The county maintains that the security firm — South Florida's version of Blackwater — failed to post guards at certain Metrorail stops and billed the county for it anyway. An initial audit, performed in 2008, estimated Wackenhut had billed Miami-Dade $6.26 million for work it didn't perform. That number was later revised to $3.4 million.

The county wants that money back, and what's more, Burgess has already said he plans to terminate the county's 20-year contract with the company. That deal, which pays Wackenhut an estimated $17 million a year, is set to expire in November.

Wackenhut counters that the county-hired auditor used "fatally flawed" methods to come up with the $3.4 million figure. At last Wednesday's press conference, Levine denied any systematic overbilling and said if the county gives the security contract to a new firm, it could spell trouble for mass transit riders. Why? Because, according to Levine, competitors have a less rigorous hiring practice than Wackenhut, which allows only former military or law enforcement personnel to work as guards.

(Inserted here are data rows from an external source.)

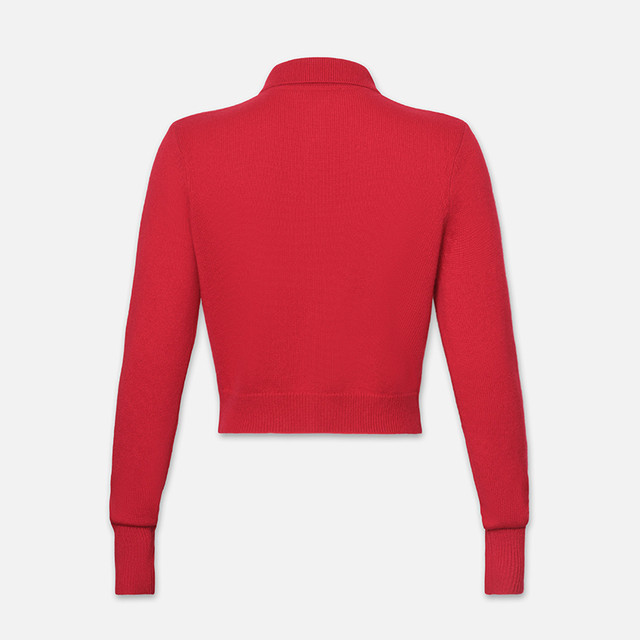 
FRAME Women's Red Short Cashmere Polo Lapel Button Cardigan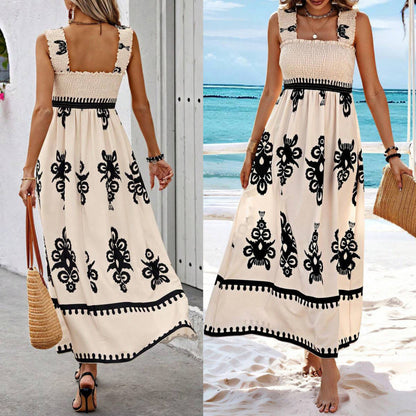 🏖️💃【Reducere 50% ✨】【S–8XL】Rochie nouă de vară pentru femei, lejeră, cu bretele și imprimeu, talie elastică, mărimi mari, perfectă pentru plajă și vacanță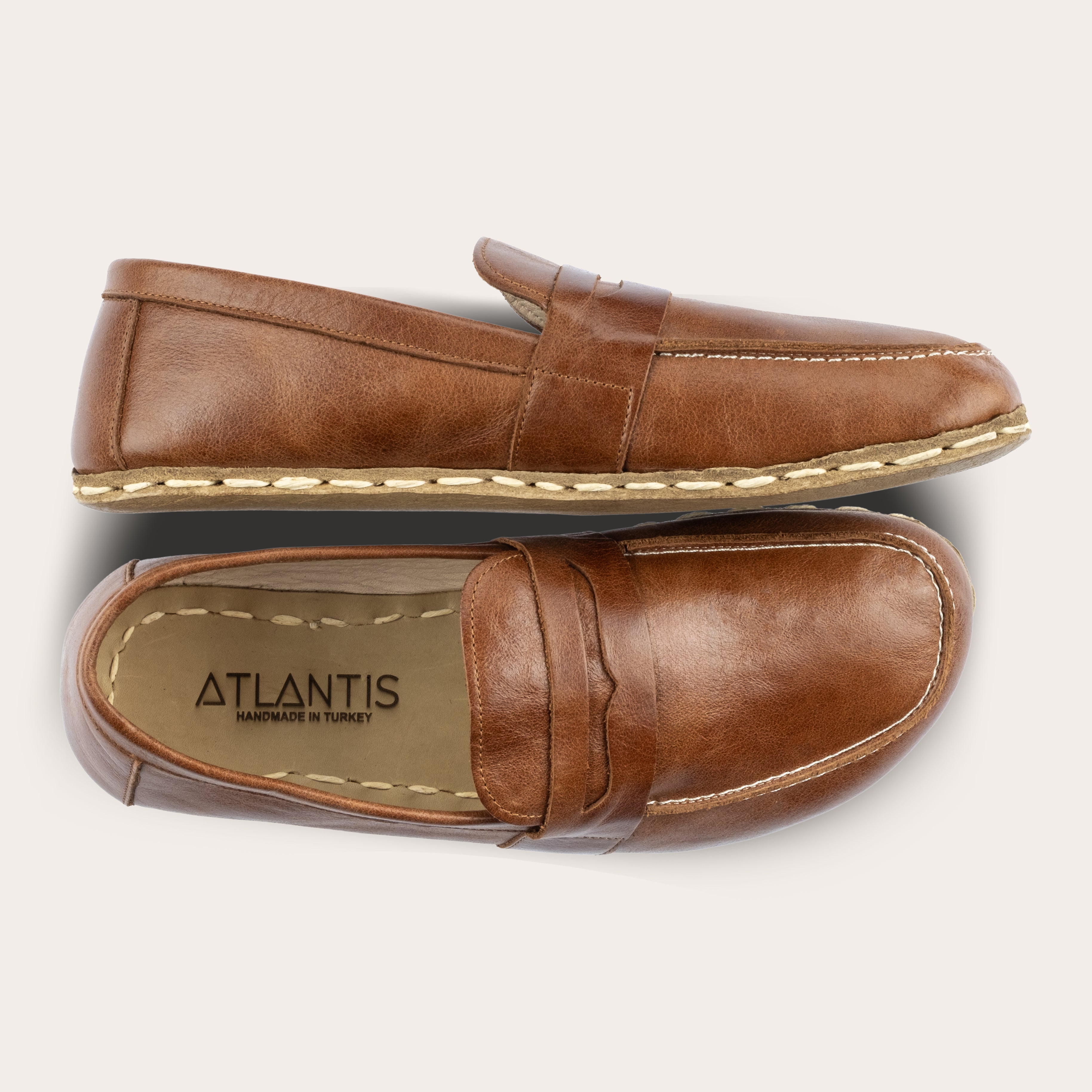 Men's Brown Penny Loafers - Leather Handmade Barefoot Shoes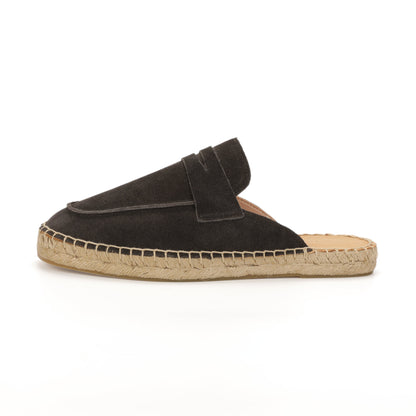 Men’s Comfort Cow Suede Penny Loafer Mule Espadrilles - Charcoal Gray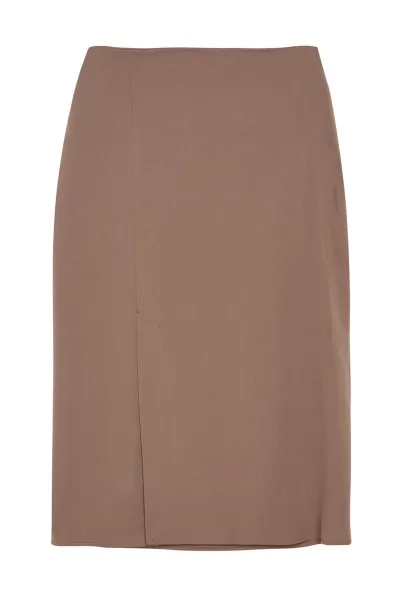 Trendyol Dark Beige Slit Detailed Ederli Fabric Midi Length Woven Skirt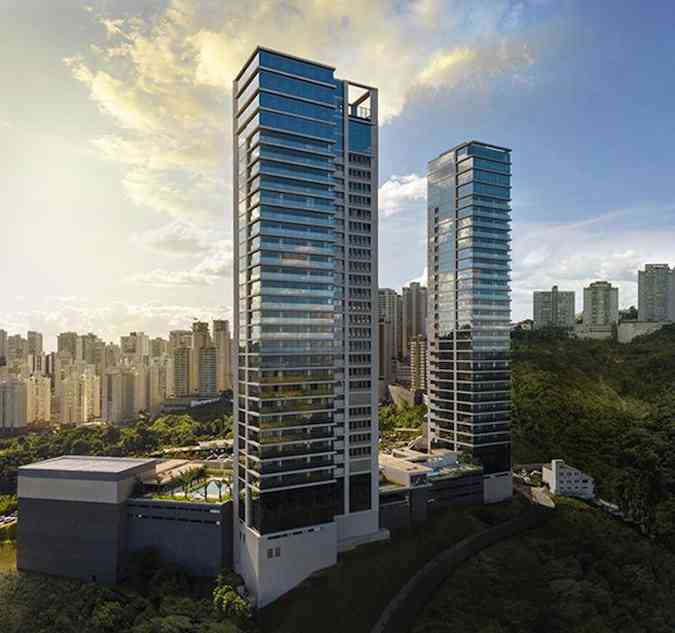 O La Réserve, localizado em um dos pontos mais altos do Vila da Serra, na zona sul da região metropolitana de Belo Horizonte: empreendimento terá quatro torres com apartamentos de até 671 metros quadrados(foto: Divulgação)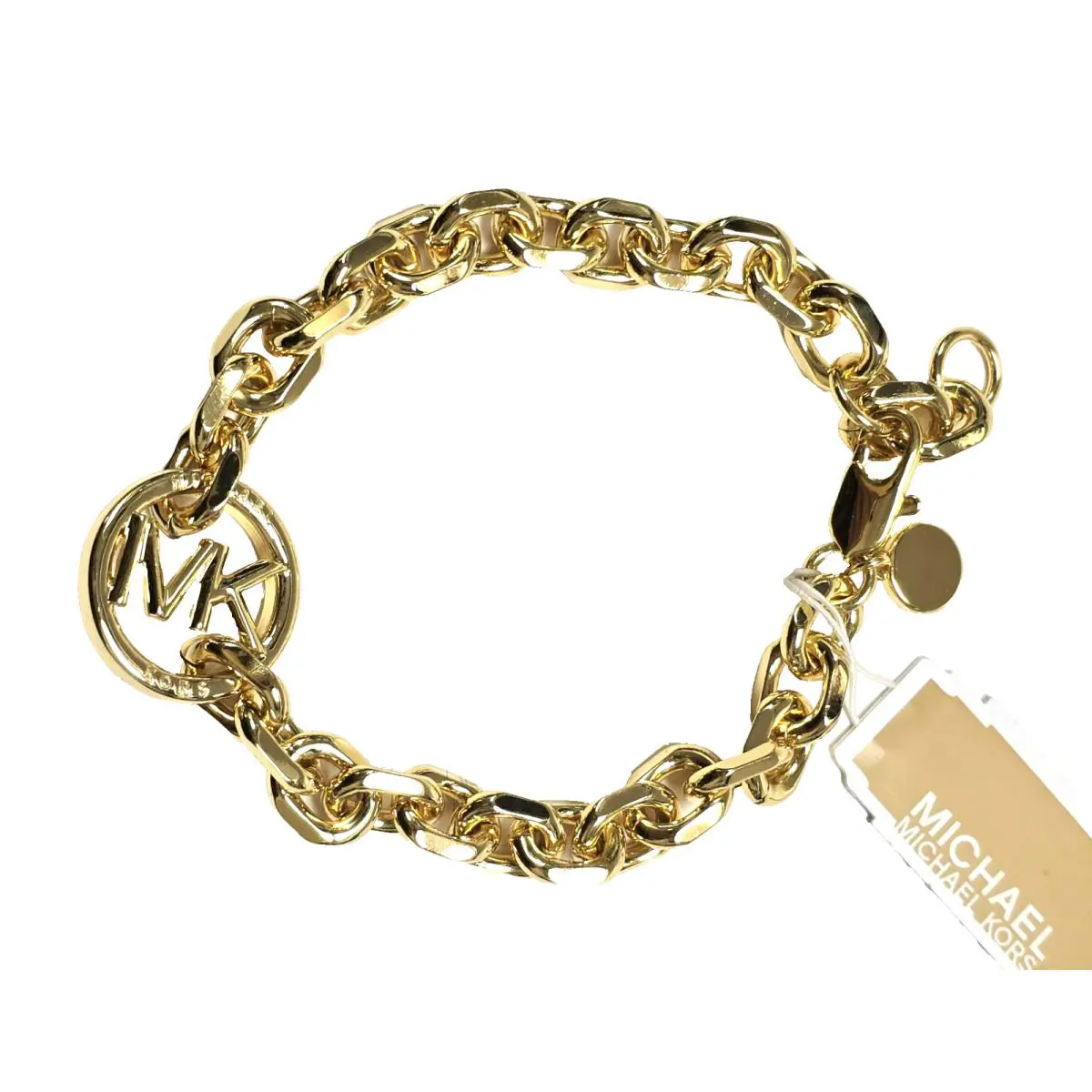 Michael Kors Polished Gold Tone Chain Link Circle Logo MK Bracelet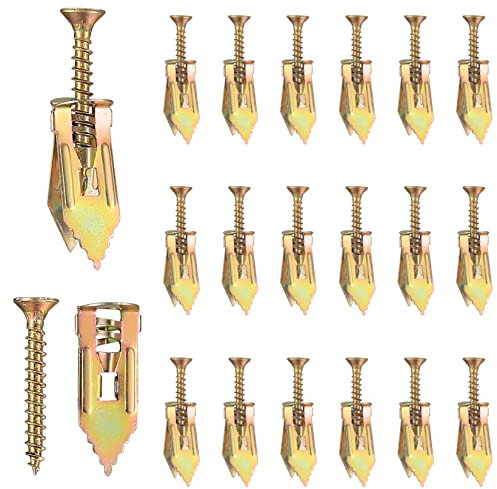 LJAPPLIED 50 Pcs Plasterboard Fixings & Wall Plugs, Cavity Fixing Anchors and Screws, Hollow Expansion Anchors With Self Drilling Screws for Gypsum Board - M4x30mm
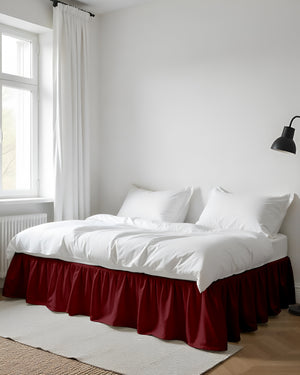 Vintage Wine Ruffle Daybed Skirt – Burgundy Elegance-Bed Skirts-Shreem Linen-Slumber Sphere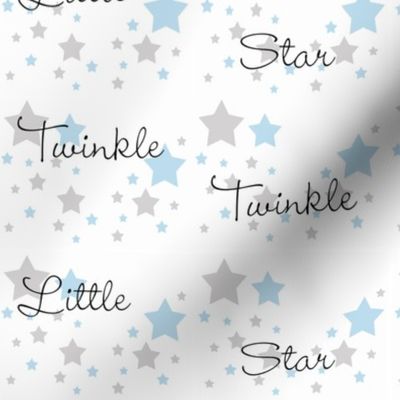 Baby Blue Twinkle Little Star Gray Grey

Regardless, it seems Wackenhut's decades-long relationship with the county is nearing an end. Besides the Metrorail contract, the county is also looking to find a replacement for Wackenhut at Miami-Dade Juvenile Services and at the Public Works Department.

The county stands by its audit.

"The taxpayers were overbilled. We want to be made whole," says county spokeswoman Victoria Mallette. "It would be irresponsible for us to continue doing business with an entity that we believe has overbilled us."